Улыбается начальник, улыбается почтительно Лабра, улыбаются даже кокарды и перья.

— Ну, сын вдовы Пежо, можешь идти домой. Только смотри, больше не балуй! Кричи «Республиканский курьер» или «Народный оратор», или «Вестник», но от себя ни-ни. Если ты завтра вздумаешь кричать «революция началась», тебя снова притащат. Революция — это, брат, не газеты продавать. Над этим Конвент думает, а не сын вдовы Пежо. Понял, сопляк?..

Карета подъехала к тюрьме Форс. Сторож кряхтел и, ругаясь, подбирал ключи. Ругался и арестованный. В камере было темно. Кто-то зажег огарок. Сено, сонные лица, чад. Арестованный не стал оглядывать мокрых стен или гнилой подстилки — он хорошо знал, что такое тюрьмы республики: ведь это шестой арест! Он только крикнул:

— Кто здесь?

Со всех сторон раздалось:

— Патриоты.

— Жертвы роялистов и шуанов.

— Защитники резолюции.

— А ты кто?

Новичок молчал. Тогда один из заключенных поднес огарок поближе к худому, чрезмерно бледному лицу.

— Гракх Бабеф! Трибун народа!

Тотчас камера наполнилась восторженными криками:

— Да здравствует Гракх Бабеф! Позор изменникам! Свобода или смерть!

Всю ночь арестанты пели патриотические песни: гимн марсельских ополченцев или «Карманьолу».

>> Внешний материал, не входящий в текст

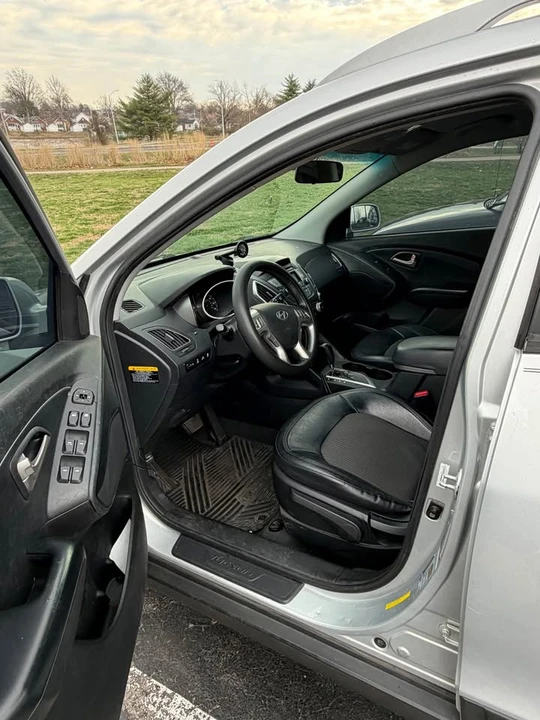 2013 Hyundai Tucson - Image 5 of 12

Те же песни распевали для бодрости под холодным, мокрым ветром каменщики на площади Карусель. Они работали, не покладая рук: по приказу Конвента сносили мавзолей, воздвигнугый в честь «друга народа» Жана-Поля Марата. Под кирками летели камни, а каменщики пели: «К оружию, граждане! Стройтесь в батальоны»…

2

1787-й год. Еще никто не думает о близкой буре, ни Мария-Антуанетта, которая порой хмурит прелестный лоб над некоторыми финансовыми затруднениями, среди буколики Малого Трианона, среди коз, поклонников, париков, министров, ни Максимилиан де Робеспьер, который в аррасском суде неудачно обслуживает захолустных сутяг. В это время он еще роялист, роялисты еще мечтают о «Природной Республике» нежного Жан-Жака Руссо, народ молчит, поэты пишут элегии, и доктор Жозеф Гильотин, не помышляя о своем бессмертном изобретении, ставит банки чересчур полнокровным клиентам.

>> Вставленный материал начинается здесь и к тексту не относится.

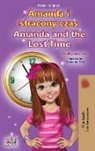 Shelley Admont, Kidkiddos Books - Amanda and the Lost Time (Polish English Bilingual Children's Book)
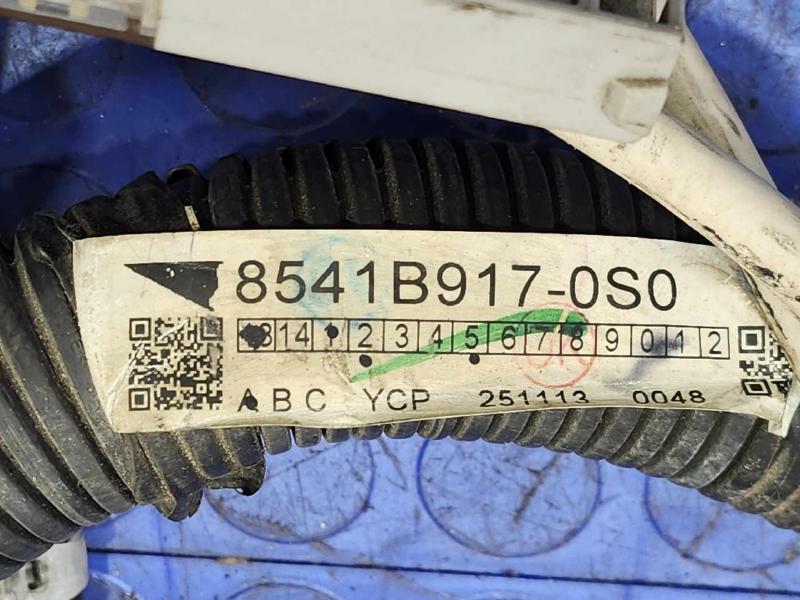2014 Mitsubishi Mirage Wire Harness (Engine)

Потом об этих временах будут говорить как о потерянном рае: «Кто не жил до революции, тот не знал сладости жизни». Гракх Бабеф этого не скажет. Он только что пришел домой. Жена ждет: «Достал?» — «Нет, не достал…»

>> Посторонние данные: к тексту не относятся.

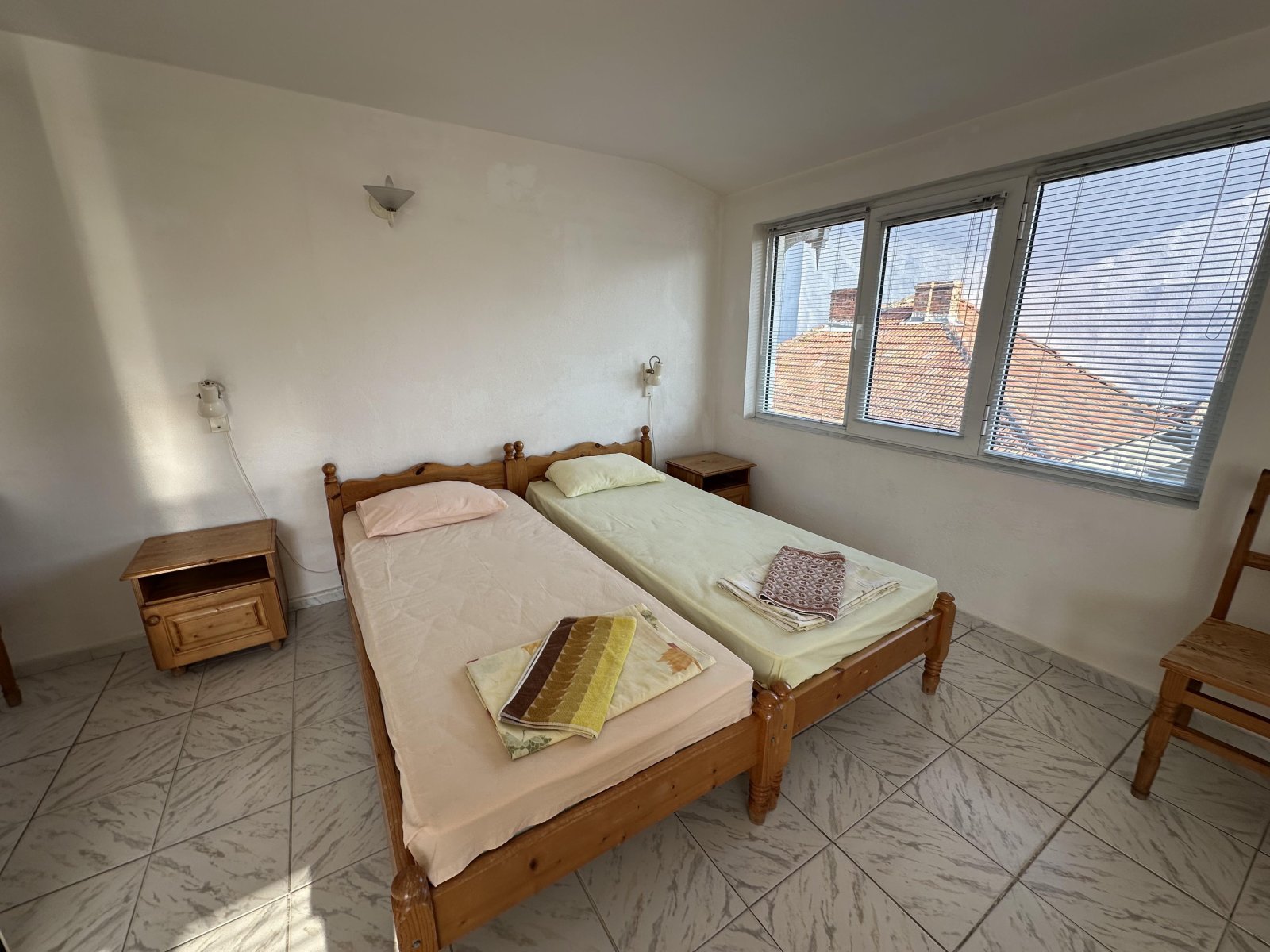 Casa a due piani nel centro di Nessebar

В доме ни су. Кредиторы грозят описью. Дети плачут, и жена Бабефа, терпеливая, как земля Пикардии, молчит, крепится. Это верная подруга, простая женщина, бывшая служанка графини де Домери. Она варит чечевичный суп. Бабеф еще не Трибун народа — он только мелкий землемер. Он даже не Гракх, его еще зовут Франсуа. Правда, он читает энциклопедистов, но когда он приходит к богатым помещикам, они его не пускают дальше лакейской. Бабеф самолюбив. К тому же он еще не Гракх — он только Франсуа. И Бабеф краснеет от обиды.